Task brief
Restate the listing below line for line and word for word, without the pictures.

Task input section start

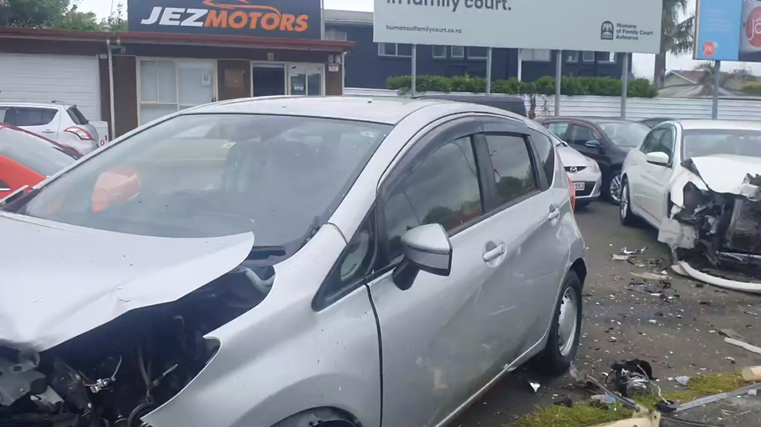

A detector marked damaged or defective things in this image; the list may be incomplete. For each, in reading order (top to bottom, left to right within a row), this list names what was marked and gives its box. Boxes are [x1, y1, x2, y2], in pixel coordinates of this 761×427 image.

crumpled car hood [0, 212, 255, 352]
silver damaged hatchback [0, 97, 588, 427]
damaged white car [0, 98, 588, 427]
crumpled car hood [556, 145, 592, 169]
damaged white car [620, 120, 756, 292]
crushed white car front end [660, 155, 760, 292]
broken car part on ground [660, 157, 760, 294]
crumpled car hood [688, 155, 760, 195]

Task input section end

Exercise answer
A detector marked damaged or defective things in this image; the list may be incomplete. For each, in reading order (top to bottom, left to right within a row), this list names what was marked and gives its box. Boxes are [x1, y1, x2, y2], in pixel coordinates of this 761×427 image.

crumpled car hood [0, 212, 255, 352]
silver damaged hatchback [0, 97, 588, 427]
damaged white car [0, 98, 588, 427]
crumpled car hood [556, 145, 592, 169]
damaged white car [620, 120, 756, 292]
crushed white car front end [660, 155, 760, 292]
broken car part on ground [660, 157, 760, 294]
crumpled car hood [688, 155, 760, 195]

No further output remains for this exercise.